In this study three models will be applied to marketing campaign data. The campaign was done by a Portuguese bank to sell term deposit subscriptions to targets.
The models applied are Decision Tree, Random Forest and AdaBoost. Each model is fit at least twice in order to improve metrics of prediction.
library(caret)
library(rpart)
library(tidyverse)
library(randomForest)
library(adabag)
library(ada)
library(pROC)
library(reshape2)
library(fmsb)
library(patchwork)
library(rpart.plot)
library(ROSE)
DECISION TREE Hypothesis #1: Mutating particular fields (value substitution to something more substantive) will improve model performance for F1 and ROC-AUC metrics. With more consistent data per both positive and negative cases Precision and Recall should improve, reflecting in better F1 and ROC-AUC.

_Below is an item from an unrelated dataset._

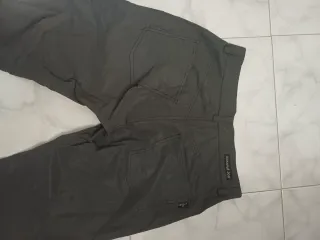 Pantaloni idrorepellenti e catarifrangenti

The dataset as-is contains values like “unknown” and “other” for certain missing values of categorical variables (ex. education, contact, job). I’ll fit a decision tree model to this version, and compare metrics to a mutated dataset where the sample set imputes the mode values for those variables (grouping on a subset of other predictors in the dataset).
Imputing values manually
most<- function(vec){
mode <- names(which.max(table(vec)))
return(mode)
}
bank2.f.2 %>%
group_by(job,marital) %>%
mutate(contact2 = ifelse(contact=="unknown",most(contact),contact)) %>%
ungroup() -> bank2.f.2
bank2.f.2 %>%
group_by(marital,housing) %>%
mutate(job2 = ifelse(job=="unknown",most(job),job)) %>%
ungroup() -> bank2.f.2
bank2.f.2 %>%
group_by(marital,housing) %>%
mutate(education2 = ifelse(education=="unknown",most(education),education)) %>%
ungroup() %>%
mutate_if(is.character,as.factor)-> bank2.f.2
set.seed(123)
bank2.f.2 %>%
select(-c(education2,job2,contact2)) -> bank2.f.2.1
train_ix <- caret::createDataPartition(bank2.f.2.1$y, p=.8,list=FALSE,times=1)

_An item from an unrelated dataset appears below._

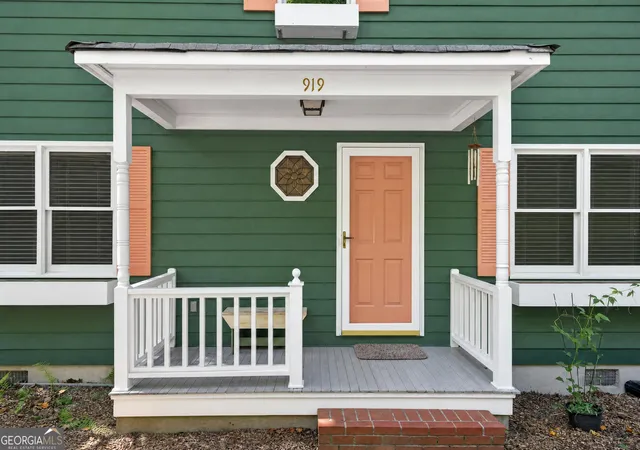 Photo 2 of Single family home for sale at 919 Walker Ave, Atlanta, GA 30316 | MLS# 10840079 | Listing updated on 2026-10-07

bank2_train <- bank2.f.2.1[train_ix,]
bank2_test <- bank2.f.2.1[-train_ix,]
#with the same index in hand, apply index to mutated dataset
bank2.f.2 %>%
select(-c(education,job,contact)) -> bank2.f.2_m
bank2_train_m <- bank2.f.2_m[train_ix,]
bank2_test_m <- bank2.f.2_m[-train_ix,]
decisionTreeFunct <- function(train_set, test_set, xval = 5) {
#grow a large tree, then cost complexity prune after tree is grown
ctrl <- rpart.control(cp=0.001)
tree_mod <-
rpart::rpart(
y ~ .,
method = "class",
xval = xval,
data = train_set,
#original dataset has no NAs
#na.action = na.roughfix
)
#model evaluation
default_pred <- predict(tree_mod,test_set,type="class")
cm <- confusionMatrix(default_pred, test_set$y, positive = "yes")
newlist <- list("cm" = cm, "model" = tree_mod)
return (newlist)}
Fit decision trees with the same hyperparameters to each training/test set pair, then compare metric values (F1 and ROC-AUC).
dt_notreat_cm <- decisionTreeFunct(bank2_train,bank2_test)$cm
#decision tree with NA as opposed to "other" performs much better
dt_treat_cm <- decisionTreeFunct(bank2_train_m,bank2_test_m)$cm
results.df <- data.frame(model =NA, F1 =NA, ROC_AUC=NA, Recall=NA)
results.df[1,"model"] = 'dt original'
results.df[2,"model"] = 'dt mutated'
results.df[1,"F1"] = dt_notreat_cm$byClass['F1']
results.df[2,"F1"] = dt_treat_cm$byClass['F1']
results.df[1,"Recall"] = dt_notreat_cm$byClass['Recall']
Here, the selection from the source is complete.